WORKING DATA:
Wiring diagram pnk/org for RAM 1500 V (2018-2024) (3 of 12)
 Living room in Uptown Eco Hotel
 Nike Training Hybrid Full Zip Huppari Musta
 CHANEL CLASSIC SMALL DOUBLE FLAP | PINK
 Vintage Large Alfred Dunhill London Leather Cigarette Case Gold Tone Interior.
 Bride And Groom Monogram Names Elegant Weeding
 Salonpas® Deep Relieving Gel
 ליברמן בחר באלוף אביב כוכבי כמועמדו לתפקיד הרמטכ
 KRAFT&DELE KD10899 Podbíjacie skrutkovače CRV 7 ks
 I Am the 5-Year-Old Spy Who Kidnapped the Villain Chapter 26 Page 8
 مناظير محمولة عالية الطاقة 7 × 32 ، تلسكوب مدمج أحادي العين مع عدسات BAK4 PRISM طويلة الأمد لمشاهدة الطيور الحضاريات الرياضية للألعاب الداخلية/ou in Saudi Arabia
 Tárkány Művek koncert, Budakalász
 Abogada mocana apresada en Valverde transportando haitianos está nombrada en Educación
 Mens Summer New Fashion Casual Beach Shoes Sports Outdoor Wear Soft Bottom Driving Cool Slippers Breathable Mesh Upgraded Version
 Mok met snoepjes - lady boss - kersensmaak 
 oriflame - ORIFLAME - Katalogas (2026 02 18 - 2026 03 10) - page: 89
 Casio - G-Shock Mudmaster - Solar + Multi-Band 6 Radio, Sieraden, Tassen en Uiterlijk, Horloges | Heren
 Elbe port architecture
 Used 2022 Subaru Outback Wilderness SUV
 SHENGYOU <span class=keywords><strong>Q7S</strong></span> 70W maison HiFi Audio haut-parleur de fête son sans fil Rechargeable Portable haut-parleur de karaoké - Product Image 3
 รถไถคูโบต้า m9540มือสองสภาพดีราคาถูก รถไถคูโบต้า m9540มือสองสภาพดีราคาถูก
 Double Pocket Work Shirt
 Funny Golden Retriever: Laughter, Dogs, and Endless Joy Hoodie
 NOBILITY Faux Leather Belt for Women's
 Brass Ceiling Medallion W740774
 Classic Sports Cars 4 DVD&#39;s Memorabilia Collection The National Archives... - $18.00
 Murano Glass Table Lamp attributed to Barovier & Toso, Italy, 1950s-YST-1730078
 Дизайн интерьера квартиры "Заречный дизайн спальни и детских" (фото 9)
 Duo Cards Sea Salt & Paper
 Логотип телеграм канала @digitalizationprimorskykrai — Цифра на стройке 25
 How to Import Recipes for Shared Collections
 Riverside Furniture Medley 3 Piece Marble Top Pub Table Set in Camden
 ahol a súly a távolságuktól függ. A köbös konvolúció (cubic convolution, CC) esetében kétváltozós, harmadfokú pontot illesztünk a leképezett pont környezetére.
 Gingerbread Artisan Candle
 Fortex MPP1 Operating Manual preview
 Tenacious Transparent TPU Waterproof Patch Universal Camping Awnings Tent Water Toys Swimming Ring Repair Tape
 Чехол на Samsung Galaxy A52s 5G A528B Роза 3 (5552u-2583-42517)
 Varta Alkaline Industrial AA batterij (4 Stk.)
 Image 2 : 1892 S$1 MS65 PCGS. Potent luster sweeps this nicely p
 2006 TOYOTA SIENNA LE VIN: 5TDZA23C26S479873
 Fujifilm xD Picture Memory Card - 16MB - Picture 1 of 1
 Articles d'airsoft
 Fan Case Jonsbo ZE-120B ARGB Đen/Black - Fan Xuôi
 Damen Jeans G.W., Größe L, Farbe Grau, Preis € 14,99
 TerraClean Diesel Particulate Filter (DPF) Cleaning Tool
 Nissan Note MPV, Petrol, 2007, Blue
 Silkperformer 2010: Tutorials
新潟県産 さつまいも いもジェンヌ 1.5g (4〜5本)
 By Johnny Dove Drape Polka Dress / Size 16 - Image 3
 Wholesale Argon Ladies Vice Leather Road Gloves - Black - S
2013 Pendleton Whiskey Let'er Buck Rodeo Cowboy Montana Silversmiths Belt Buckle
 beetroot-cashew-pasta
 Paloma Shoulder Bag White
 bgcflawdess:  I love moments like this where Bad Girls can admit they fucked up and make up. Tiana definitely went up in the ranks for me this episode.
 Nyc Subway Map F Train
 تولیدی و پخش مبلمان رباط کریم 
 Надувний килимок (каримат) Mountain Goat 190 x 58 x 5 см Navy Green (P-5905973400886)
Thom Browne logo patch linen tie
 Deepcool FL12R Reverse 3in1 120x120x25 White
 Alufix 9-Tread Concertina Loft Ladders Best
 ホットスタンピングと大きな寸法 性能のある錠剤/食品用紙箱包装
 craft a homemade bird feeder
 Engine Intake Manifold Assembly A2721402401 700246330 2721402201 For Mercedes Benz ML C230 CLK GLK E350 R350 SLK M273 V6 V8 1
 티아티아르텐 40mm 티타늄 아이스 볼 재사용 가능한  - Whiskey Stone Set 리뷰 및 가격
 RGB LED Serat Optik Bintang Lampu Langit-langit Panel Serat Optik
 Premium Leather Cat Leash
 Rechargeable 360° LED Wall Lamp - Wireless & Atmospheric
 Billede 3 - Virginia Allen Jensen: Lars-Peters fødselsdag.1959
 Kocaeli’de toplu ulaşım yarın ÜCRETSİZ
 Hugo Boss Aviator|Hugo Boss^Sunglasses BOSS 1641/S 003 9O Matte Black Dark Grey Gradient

TASK REQUIREMENTS: Up to and including the line that contains "Murano Glass Table", output the records above exactly, beginning with their first line.

ANSWER TO THE PROBLEM:
Wiring diagram pnk/org for RAM 1500 V (2018-2024) (3 of 12)
 Living room in Uptown Eco Hotel
 Nike Training Hybrid Full Zip Huppari Musta
 CHANEL CLASSIC SMALL DOUBLE FLAP | PINK
 Vintage Large Alfred Dunhill London Leather Cigarette Case Gold Tone Interior.
 Bride And Groom Monogram Names Elegant Weeding
 Salonpas® Deep Relieving Gel
 ליברמן בחר באלוף אביב כוכבי כמועמדו לתפקיד הרמטכ
 KRAFT&DELE KD10899 Podbíjacie skrutkovače CRV 7 ks
 I Am the 5-Year-Old Spy Who Kidnapped the Villain Chapter 26 Page 8
 مناظير محمولة عالية الطاقة 7 × 32 ، تلسكوب مدمج أحادي العين مع عدسات BAK4 PRISM طويلة الأمد لمشاهدة الطيور الحضاريات الرياضية للألعاب الداخلية/ou in Saudi Arabia
 Tárkány Művek koncert, Budakalász
 Abogada mocana apresada en Valverde transportando haitianos está nombrada en Educación
 Mens Summer New Fashion Casual Beach Shoes Sports Outdoor Wear Soft Bottom Driving Cool Slippers Breathable Mesh Upgraded Version
 Mok met snoepjes - lady boss - kersensmaak 
 oriflame - ORIFLAME - Katalogas (2026 02 18 - 2026 03 10) - page: 89
 Casio - G-Shock Mudmaster - Solar + Multi-Band 6 Radio, Sieraden, Tassen en Uiterlijk, Horloges | Heren
 Elbe port architecture
 Used 2022 Subaru Outback Wilderness SUV
 SHENGYOU <span class=keywords><strong>Q7S</strong></span> 70W maison HiFi Audio haut-parleur de fête son sans fil Rechargeable Portable haut-parleur de karaoké - Product Image 3
 รถไถคูโบต้า m9540มือสองสภาพดีราคาถูก รถไถคูโบต้า m9540มือสองสภาพดีราคาถูก
 Double Pocket Work Shirt
 Funny Golden Retriever: Laughter, Dogs, and Endless Joy Hoodie
 NOBILITY Faux Leather Belt for Women's
 Brass Ceiling Medallion W740774
 Classic Sports Cars 4 DVD&#39;s Memorabilia Collection The National Archives... - $18.00
 Murano Glass Table Lamp attributed to Barovier & Toso, Italy, 1950s-YST-1730078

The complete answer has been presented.